Scrivere con la mente e ascoltare con la pelle. Questo è il futuro per il Building 8, il laboratorio di ricerca di Facebook dedicato a progetti riservati. Da qui il social network ha estratto due progetti per mostrarli al pubblico della F8, sua conferenza per gli sviluppatori. Due progetti che potrebbero aiutare chi è cieco o sordo, ma anche rivoluzionare la comunicazione nell’epoca della realtà virtuale. Il colosso di Mark Zuckerberg ha messo 60 scienziati e ingegneri al lavoro sulla “comunicazione orale silenziosa”.
“Nei prossimi due anni costruiremo sistemi che dimostrano la possibilità di digitare a una velocità di 100 parole al minuto, decodificando l’attività neurale dedicata alla parola”, ha annunciato Regina Dugan, vicepresidente di Facebook e responsabile del Building 8, prima sul palco della conferenza e poi in un post sul social network. Questa sorta di interfaccia neurale consentirebbe di scrivere cinque volte più velocemente di quanto riusciamo a fare ora su uno smartphone, ha spiegato Dugan, ex manager di Google nonché della Darpa, l’agenzia del dipartimento della Difesa statunitense per le nuove tecnologie.
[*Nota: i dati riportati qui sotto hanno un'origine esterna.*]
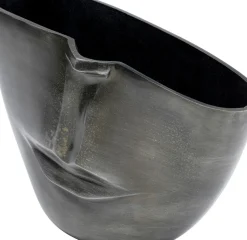 Vas Half Face - Antracitgrå, 31cm - KARE Design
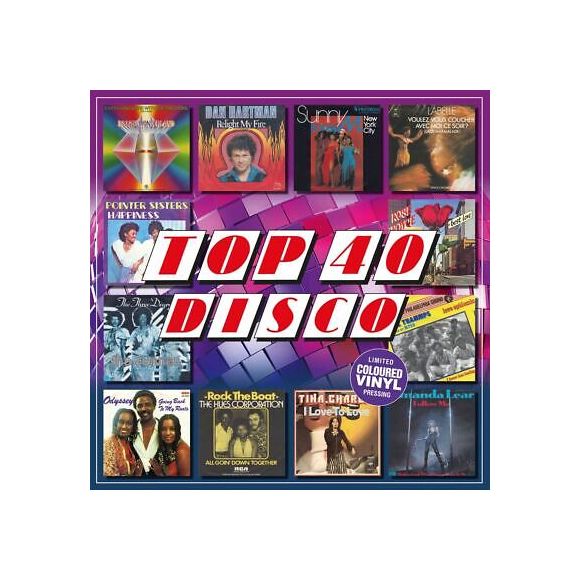 TOP 40 - DISCO (COLOURED)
All’argomento ha dedicato un post anche il Ceo di Facebook, Mark Zuckerberg. “Il nostro cervello produce abbastanza dati da trasmettere 4 film in alta definizione al secondo. Il problema è che il modo migliore che abbiamo per far uscire le informazioni, la parola, può trasmettere la stessa quantità di dati di un modem del 1980”, ha scritto. L’obiettivo finale dell’interfaccia neurale è un “dispositivo indossabile che possa essere prodotto su larga scala. Anche un semplice ‘click mentale’ sì/no – ha evidenziato Zuckerberg – potrebbe aiutare a sentire cose come la realtà virtuale in modo piu’ naturale”.
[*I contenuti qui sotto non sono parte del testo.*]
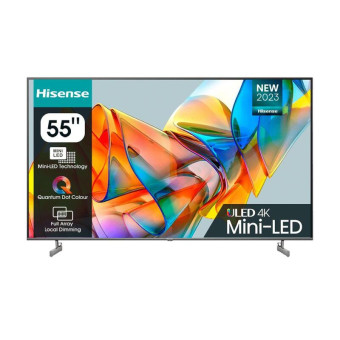 Телевизор 55" Hisense 55U6KQ черный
Se un sistema di decodifica neurale potrebbe un giorno dar vita a “protesi vocali per chi ha disordini della comunicazione, o a un nuovo modo di dare input nella realtà virtuale”, ha
osservato Dugan, l’altra sfida è arrivare a creare “una sorta di coclea”, cioè la parte dell’orecchio che traduce i suoni ascoltati in informazioni comprensibili al cervello. Ciò
avverrebbe sfruttando la pelle, in modo simile al Braille.
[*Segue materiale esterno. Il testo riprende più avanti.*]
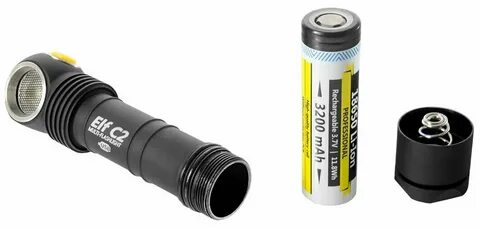 Armytek elf c2 usb c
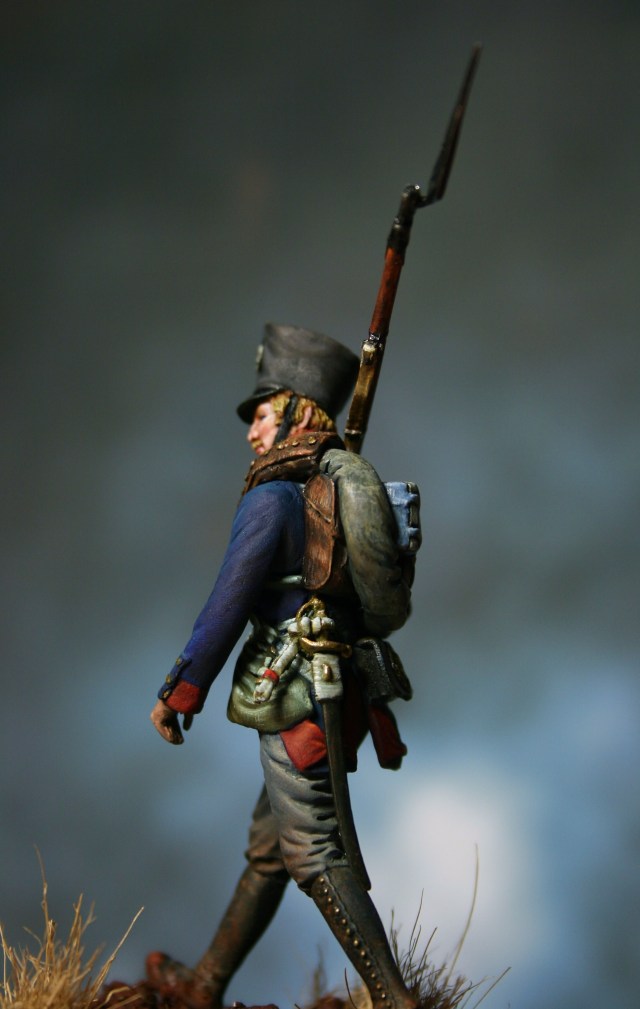 Prussian Musketeer 1815Martin's Miniatures 54mm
“Sul nostro corpo abbiamo due metri quadrati di epidermide che è piena di sensori collegati al cervello”, ha rilevato Dugan. “Un giorno non così lontano sarà possibile per me pensare in mandarino e per voi sentire in spagnolo. Immaginate la potenza che una tale capacità – ha concluso – darà a quei 780 milioni di persone nel mondo che non possono leggere o scrivere, ma che sicuramente possono pensare e sentire”.